DATA FOR THE TASK Start Marker

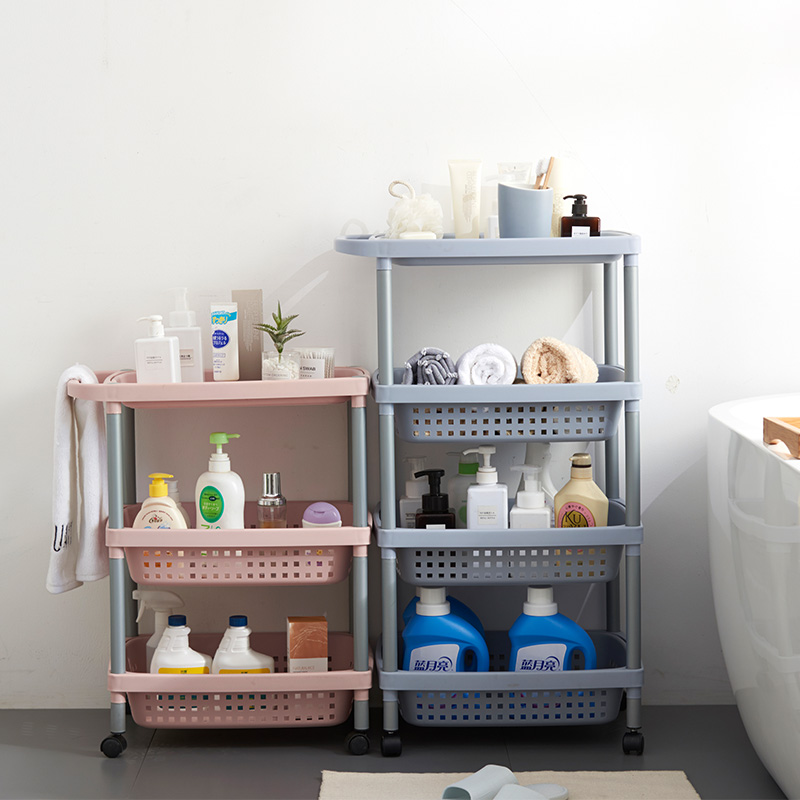 Nordic wheeled storage shelves Plastic multi-layer bookshelves Bedroom bathroom bathroom Floor to ceiling kitchen storage shelves Specification drawing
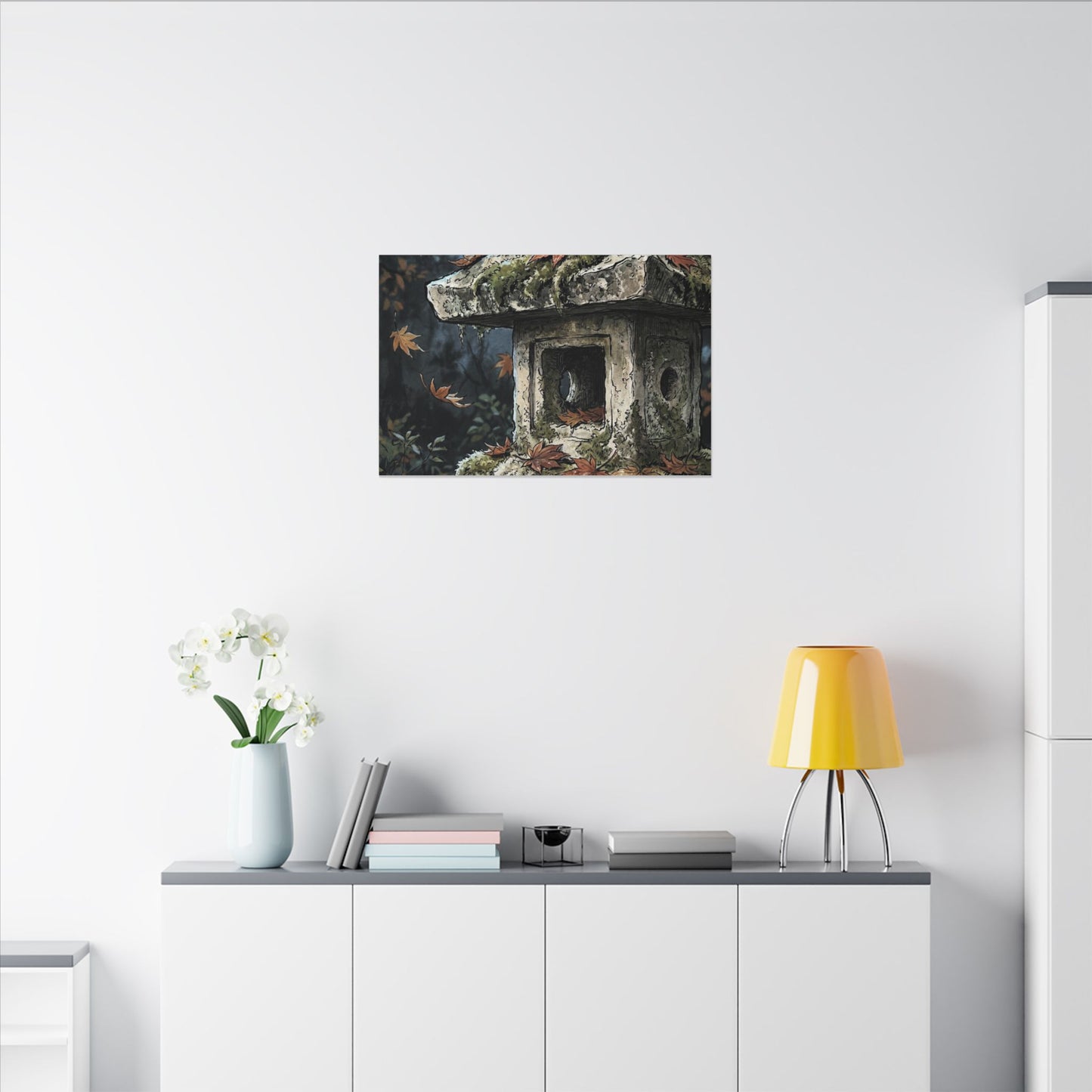 Shibui Stone Lantern Canvas Art - Japandi Minimal Line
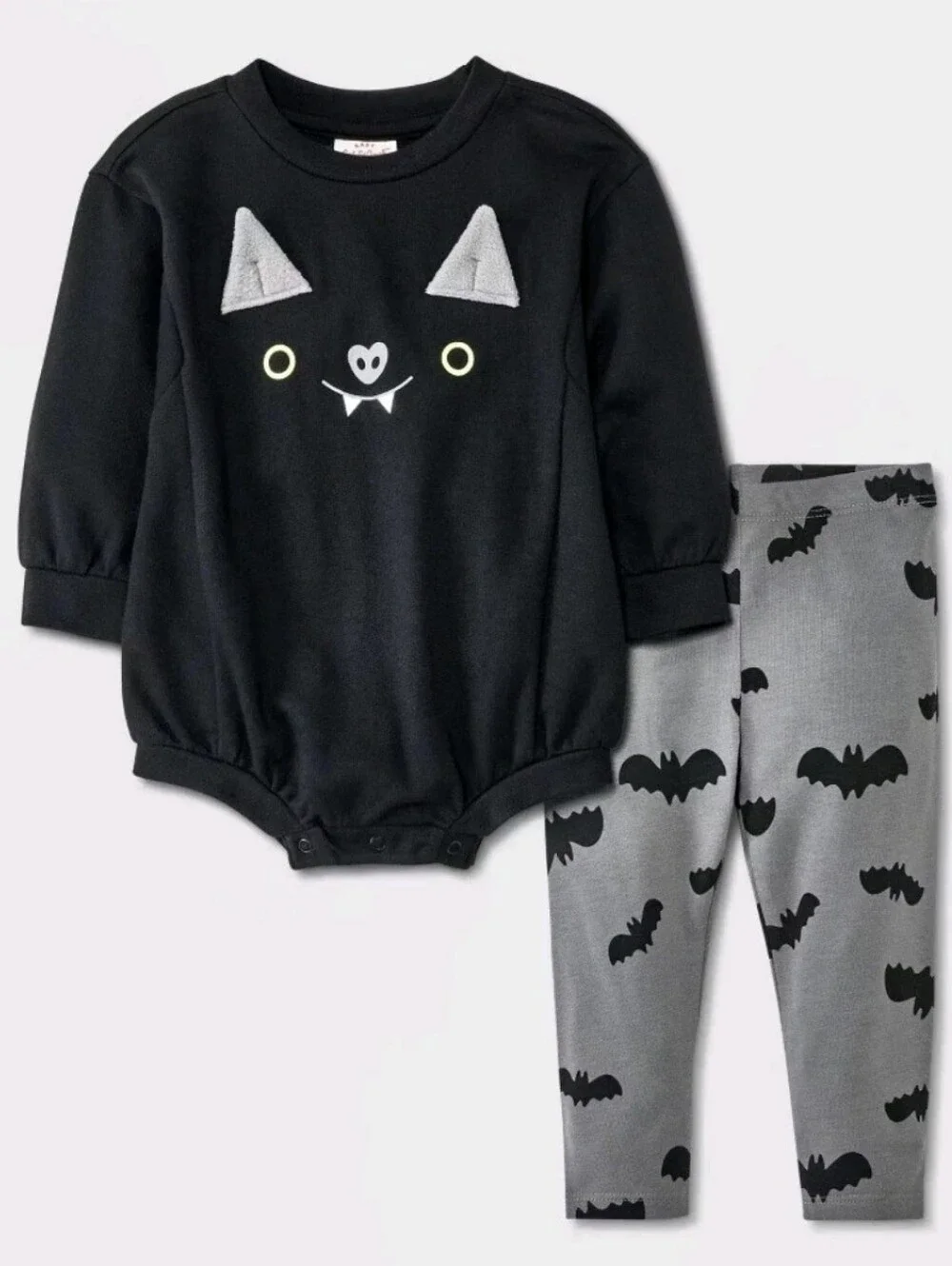 Cat & Jack Black Bat Face Bodysuit and Gray Bat Leggings Halloween Set 0-3m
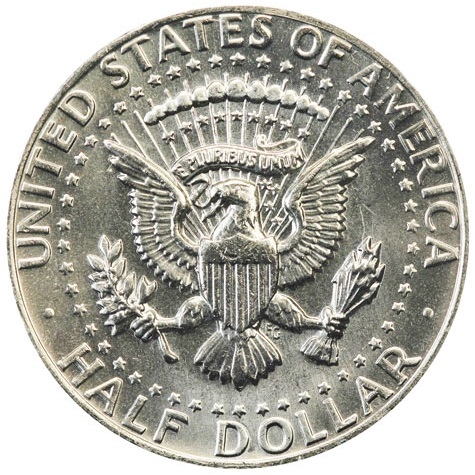 Монета 50 центов. 1974г. (D). США. Халф Доллар Кеннеди (Kennedy Half Dollar). UNC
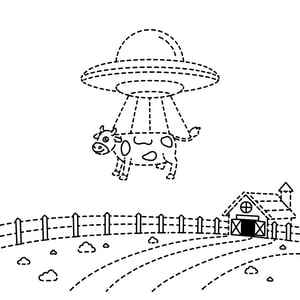 Dashed Line Drawing Style. UFO abducting a cow, cow floating in air, from a farm at night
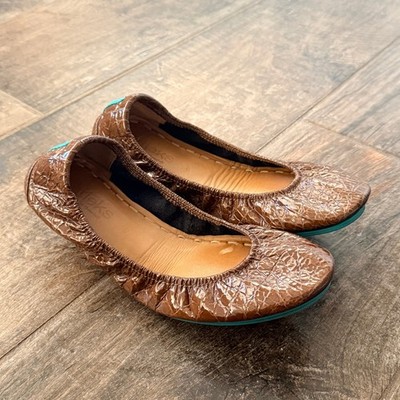 Tieks by Gavrieli Sienna Brown Patent Leather Croc Ballet Flat, Brown, 8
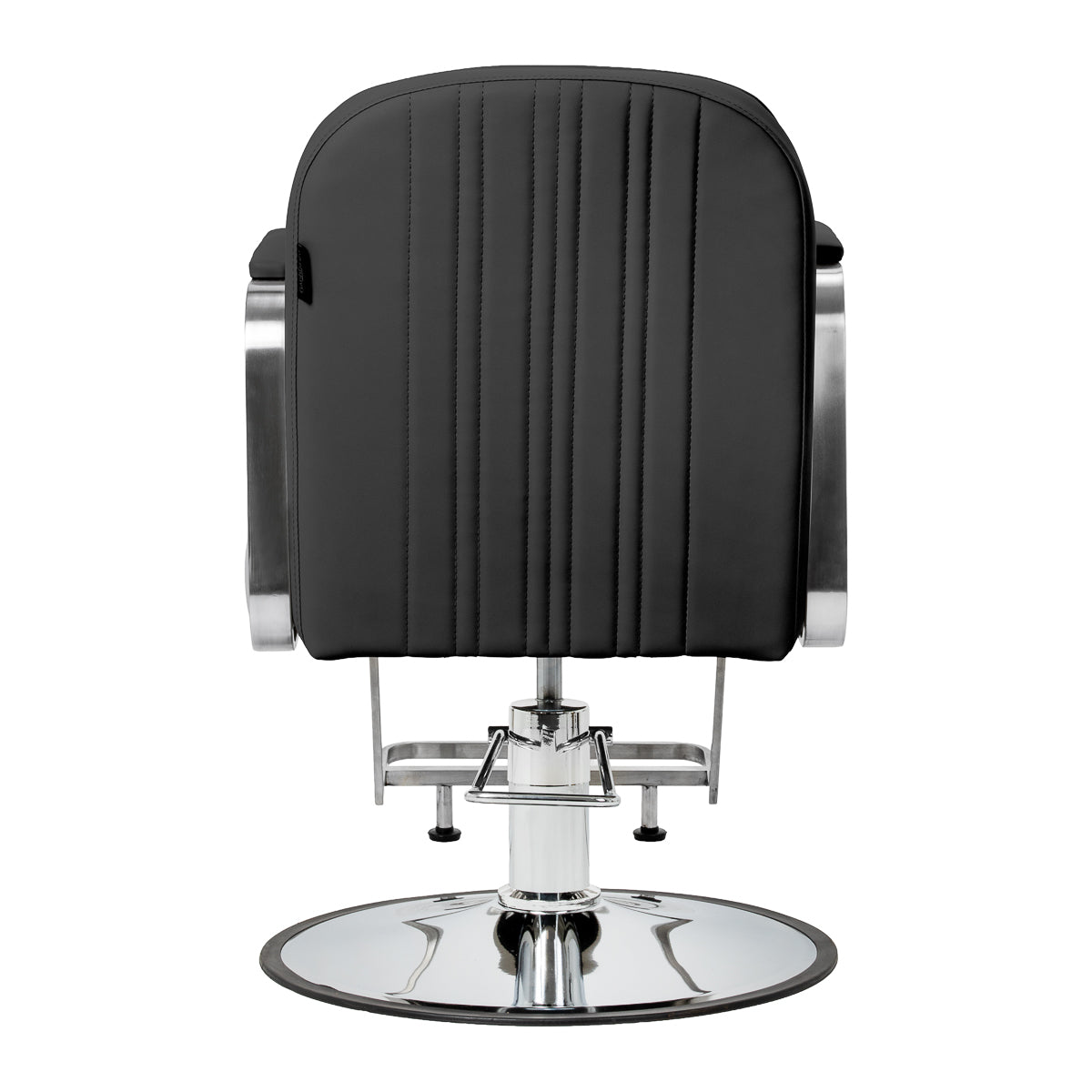 Black Gabbiano Acri hairdressing chair with adjustable headrest and armrests, featuring modern design and padded seat.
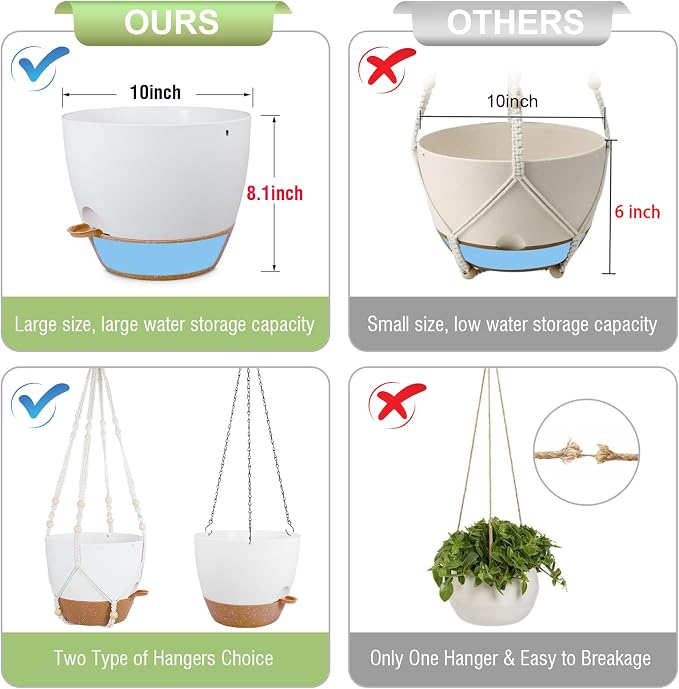 Meowell 10 inch Self Watering Hanging Planters, 2 Pack Hanging Baskets for Indoor Outdoor Plants, Hanging Flower Pots with Drainage Holes & 2 Kinds of Plant Hangers for Garden Home Décor, White Brown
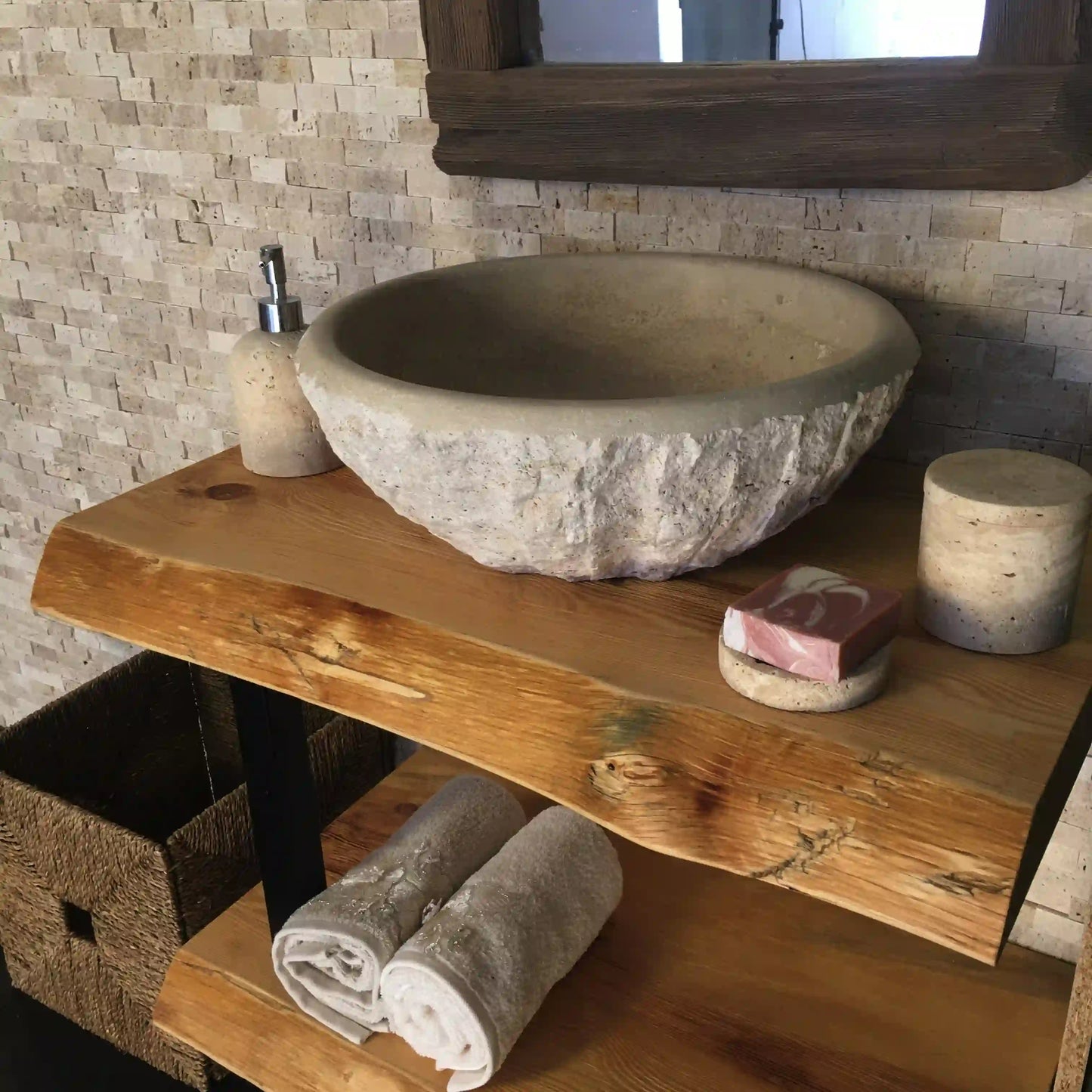 Rustic Bathroom Live Edge Vanities - Farmhouse Wood Slab Vanity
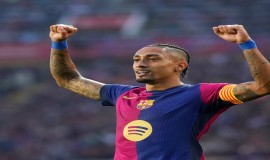 البرازيلي رافينيا يحصل على جائزة أفضل لاعب في الدوري الإسباني لموسم 24-25 من غلوب سوكر.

DATA FOR THE TASK End Marker

INSTRUCTIONS FOR THE TASK — Everything in the listing above must be retyped exactly, except for the pictures.

RESULT FOR THIS TASK —
 Nordic wheeled storage shelves Plastic multi-layer bookshelves Bedroom bathroom bathroom Floor to ceiling kitchen storage shelves Specification drawing
 Shibui Stone Lantern Canvas Art - Japandi Minimal Line
 Cat & Jack Black Bat Face Bodysuit and Gray Bat Leggings Halloween Set 0-3m
 Монета 50 центов. 1974г. (D). США. Халф Доллар Кеннеди (Kennedy Half Dollar). UNC
 Dashed Line Drawing Style. UFO abducting a cow, cow floating in air, from a farm at night
 Tieks by Gavrieli Sienna Brown Patent Leather Croc Ballet Flat, Brown, 8
 Black Gabbiano Acri hairdressing chair with adjustable headrest and armrests, featuring modern design and padded seat.
 Meowell 10 inch Self Watering Hanging Planters, 2 Pack Hanging Baskets for Indoor Outdoor Plants, Hanging Flower Pots with Drainage Holes & 2 Kinds of Plant Hangers for Garden Home Décor, White Brown
 Rustic Bathroom Live Edge Vanities - Farmhouse Wood Slab Vanity
 البرازيلي رافينيا يحصل على جائزة أفضل لاعب في الدوري الإسباني لموسم 24-25 من غلوب سوكر.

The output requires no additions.